-- MATERIAL SHOWN follows --
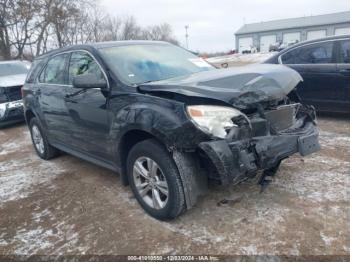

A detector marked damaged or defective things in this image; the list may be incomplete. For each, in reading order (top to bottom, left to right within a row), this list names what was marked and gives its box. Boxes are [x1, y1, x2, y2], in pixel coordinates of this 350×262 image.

detached bumper cover [0, 99, 23, 126]
damaged gray suv [21, 41, 320, 219]
shattered headlight [186, 105, 243, 139]
crumpled hood [138, 64, 302, 109]
crushed front end [198, 102, 318, 184]
broken front bumper [198, 121, 318, 184]
detached bumper cover [198, 121, 318, 185]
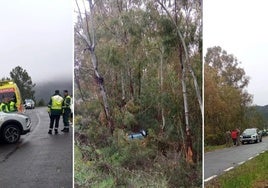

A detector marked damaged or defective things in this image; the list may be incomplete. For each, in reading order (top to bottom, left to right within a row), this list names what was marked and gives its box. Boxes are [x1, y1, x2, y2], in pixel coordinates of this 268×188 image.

crashed car [0, 111, 31, 144]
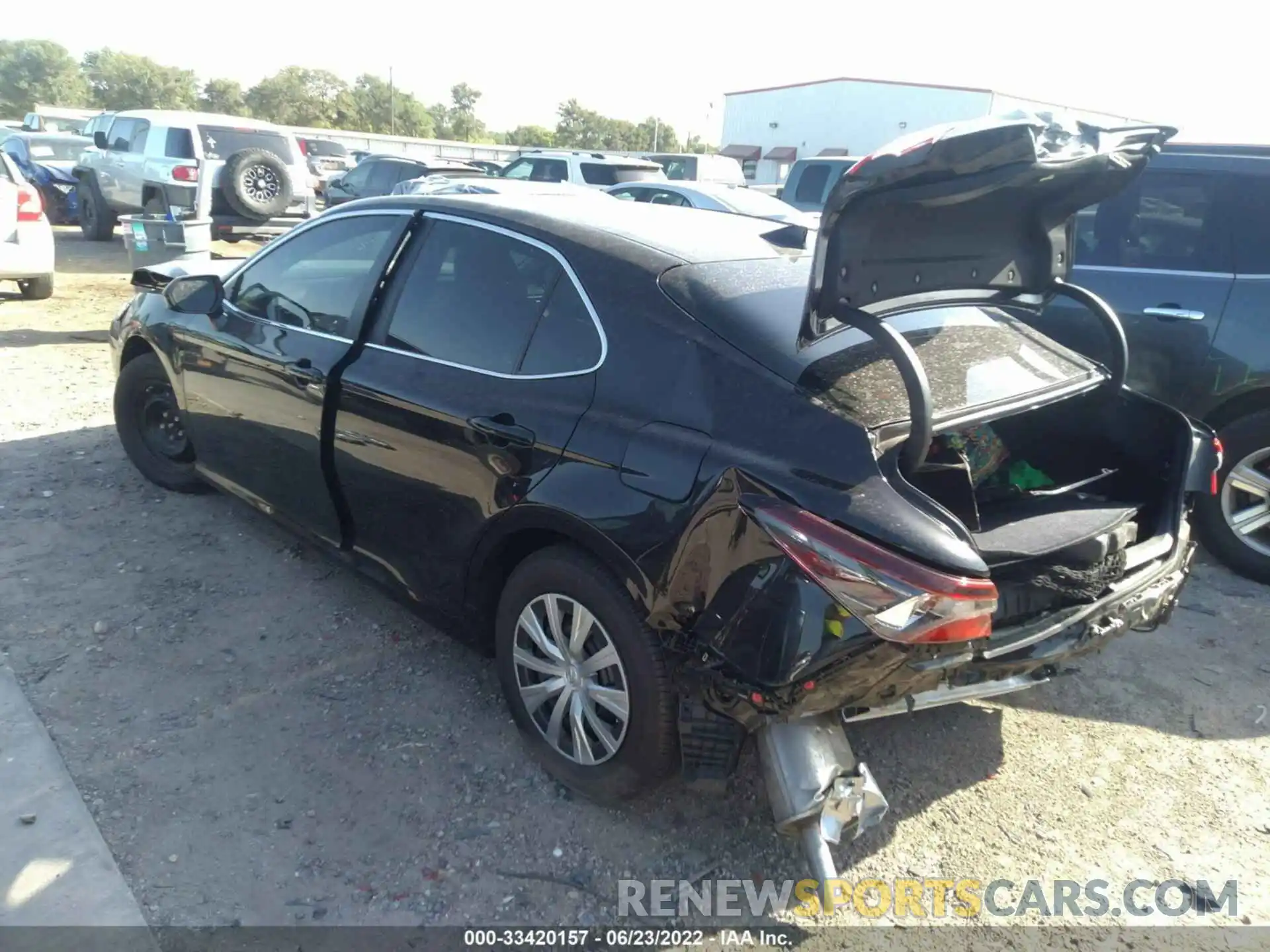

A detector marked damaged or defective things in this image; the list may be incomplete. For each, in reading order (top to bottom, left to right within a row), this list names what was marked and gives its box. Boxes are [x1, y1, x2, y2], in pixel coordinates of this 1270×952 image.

damaged black toyota camry [109, 117, 1219, 889]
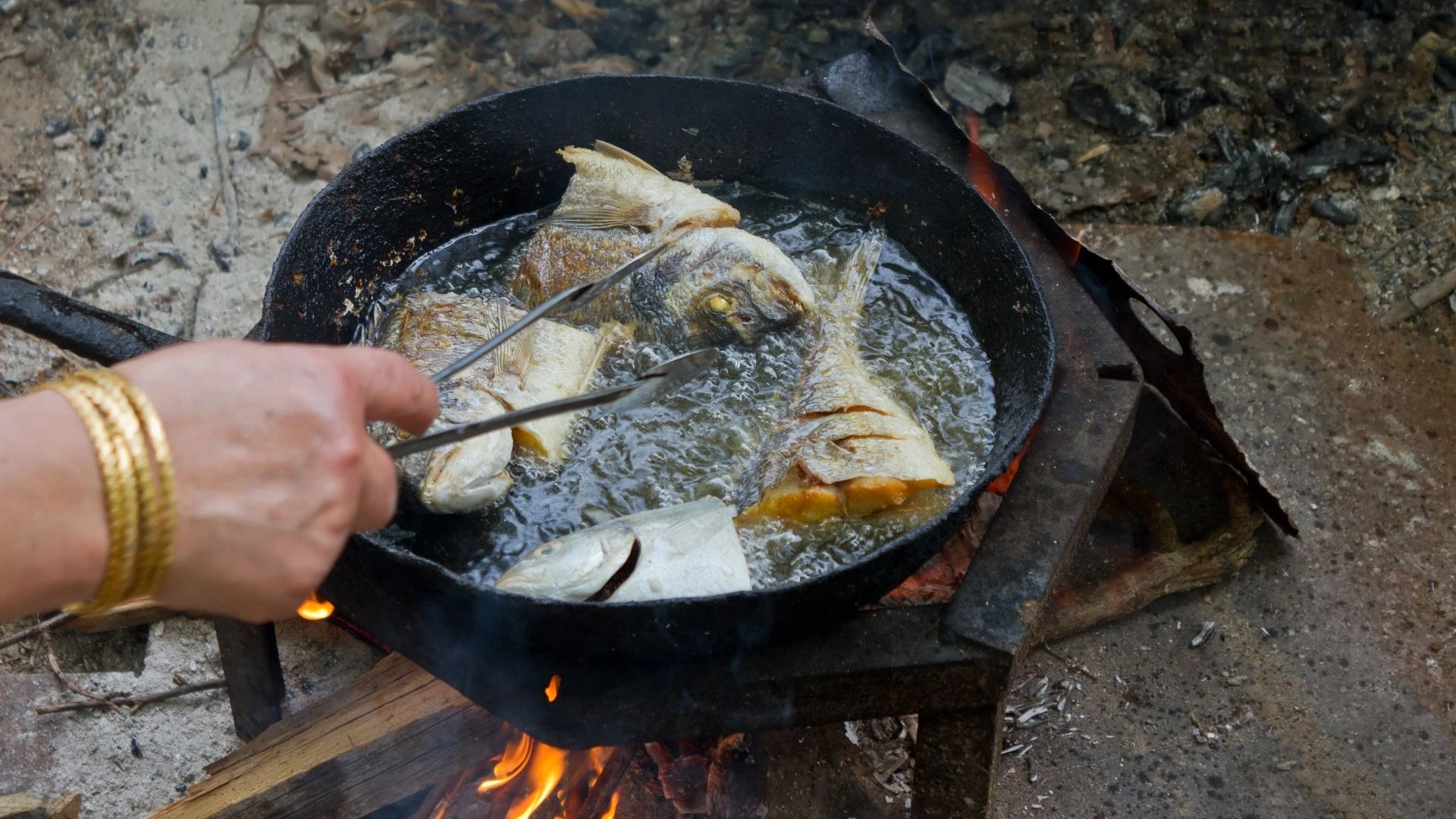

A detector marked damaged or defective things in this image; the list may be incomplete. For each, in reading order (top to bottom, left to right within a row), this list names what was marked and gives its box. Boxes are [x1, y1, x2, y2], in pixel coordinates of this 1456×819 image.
-- MATERIAL SHOWN concluded --
The lines from the one containing "this 268×188 image." through the end of the data above are to be copied exactly, both ends included, and pictures are to be omitted.

YOUR SOLUTION.
A detector marked damaged or defective things in this image; the list may be incomplete. For each, in reading order (top to bottom, left to right within a row), this list names what was marked and gives its box. Boxes are [x1, y1, x2, y2], in pixel coordinates of this 268×188 image.

crashed car [0, 111, 31, 144]

A detector marked damaged or defective things in this image; the list may be incomplete. For each, in reading order (top to bottom, left to right within a row), this list names what was marked and gives its box. Boxes are [x1, y1, x2, y2], in pixel coordinates of this 1270×952 image.

damaged black toyota camry [109, 117, 1219, 889]

A detector marked damaged or defective things in this image; the list may be incomplete. For each, in reading order (top to bottom, left to right within a row), this list names what was marked and gives its box. Boxes are [x1, y1, x2, y2], in pixel coordinates of this 1456×819 image.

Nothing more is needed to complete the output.